The German operation of Mayer Brown Rowe & Maw (MBR&M) has seen a 25.3 per cent increase in revenue per fee-earner (RPE) to E1.56m (£1.05m), the highest per cent change in RPE that the market has seen this year.
Its German turnover has increased by 41.1 per cent, from E26.5m (£17.84m) to E37.4m (£25.18m), a particularly impressive achievement given that the firm’s worldwide turnover grew by a relatively modest 7.5 per cent. As a result the firm now ranks at 22 when ranked by turnover, jumping four places from last year’s Juve40.
The US firm has ramped up its presence through a number of lateral hires, in particular from Ashurst and magic circle firm Clifford Chance. The firm has German offices in Cologne, Berlin and Frankfurt, which have all seen strong activity, particularly in the banking, finance and corporate sectors, but MBR&M German managing partner Reinhart Lange said the Frankfurt office is the “engine for our German operation”.
Lange told The Lawyer: “We’ve attracted high-value work and our international platform has given us more access to different areas of work.”
Weil Gotshal & Manges has slipped one place to nineteenth, but the US firm continues to grow. This year saw it post a turnover of E49m (£32.99m), up by just 2 per cent on the previous year, but revenue per equity partner (REP) rose by an impressive 14.9 per cent to E6.13m (£4.13m).
While several other US firms are busy recruiting, and indeed while Weil’s London office has been busy doing the same, Weil in Germany is more conservative.
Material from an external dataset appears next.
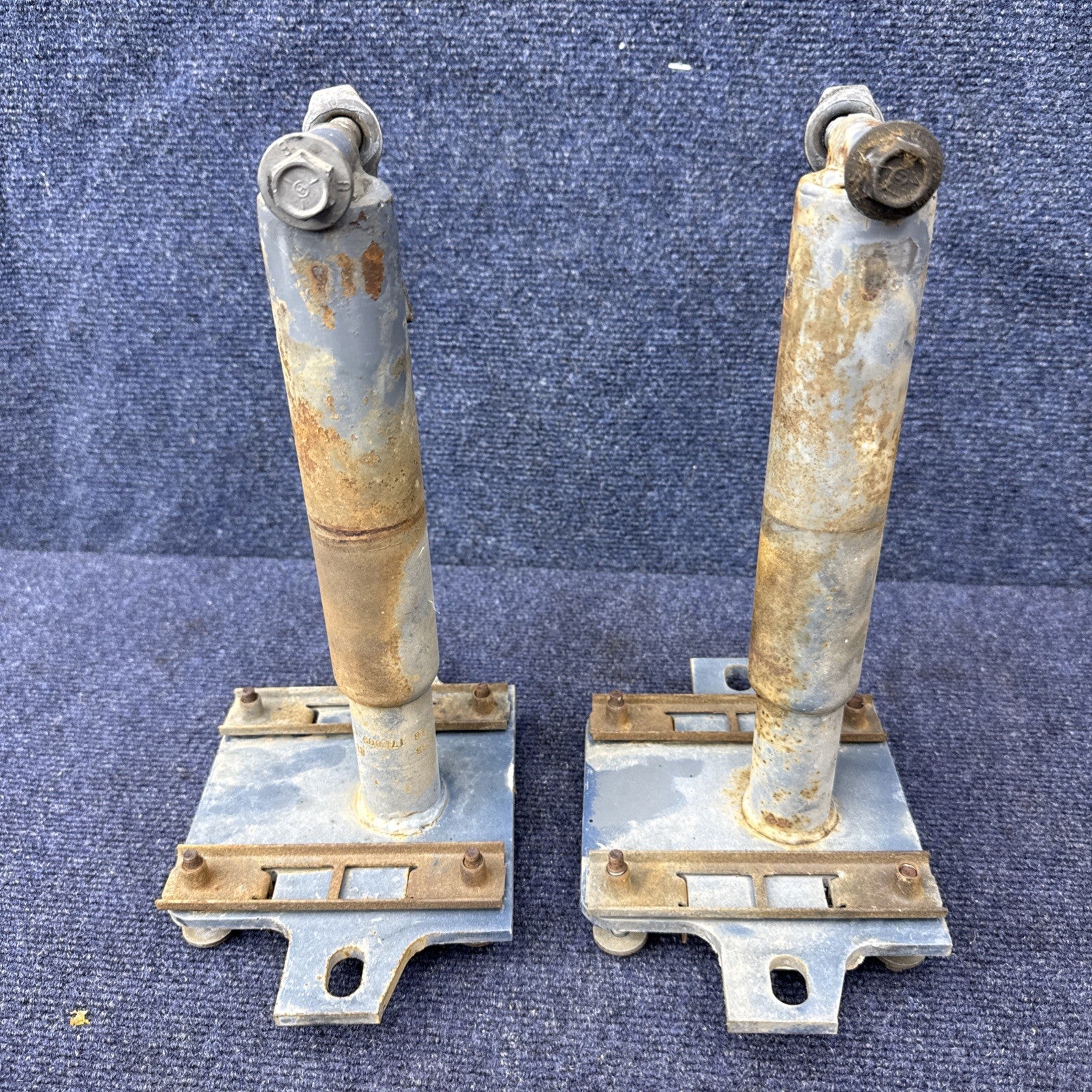 87-89 Ford Mustang Front Bumper Shock Absorbers Impact Crash Core Support Bars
Germany managing partner Gerhard Schmidt said: “We prefer to generate our own business rather than buy it. We have a large portfolio of existing clients and the next six months are going to be super-busy as we have several very large transactions in the pipeline.”
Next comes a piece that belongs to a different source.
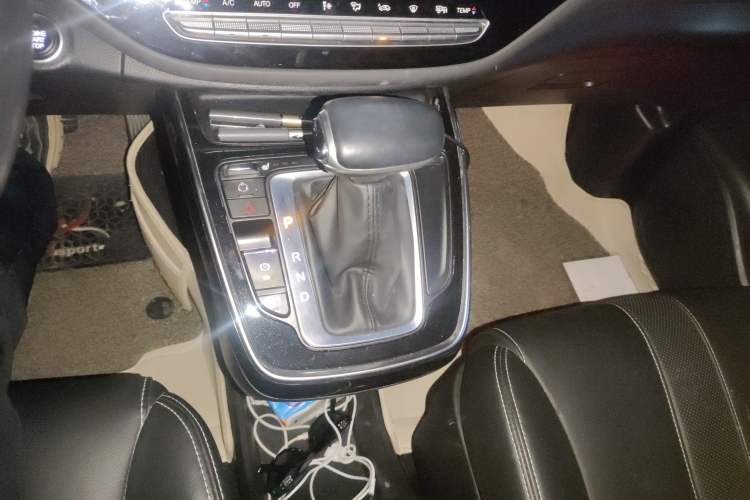 Used GAC Trumpchi M6 2019 270T DCT Prestige Edition (7-seater) China VI Gear Lever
Although this year has been tough for Baker & McKenzie after losing a number of rated partners to Latham &Watkins and other US firms, it has still managed to cling on to tenth position, posting a turnover of E92.2m (£62.1m), up by just 2.2 percent from E90.2m (£60.73m).
Other US firms wanting a piece of the German action are Skadden Arps Slate Meagher & Flom (turnover E30m (£20.2m)) and Hogan & Hartson Raue (E 18.7m (£12.59m)), which have stormed into the Juve chart, bagging the 28th and 41st places respectively.
Magic circle firms Freshfields Bruckhaus Deringer and Clifford Chance, meanwhile, have maintained their positions as leaders of the pack and are non-movers at first and second place with revenues of E322m (£216.8m) and E174m (£117.15m) respectively.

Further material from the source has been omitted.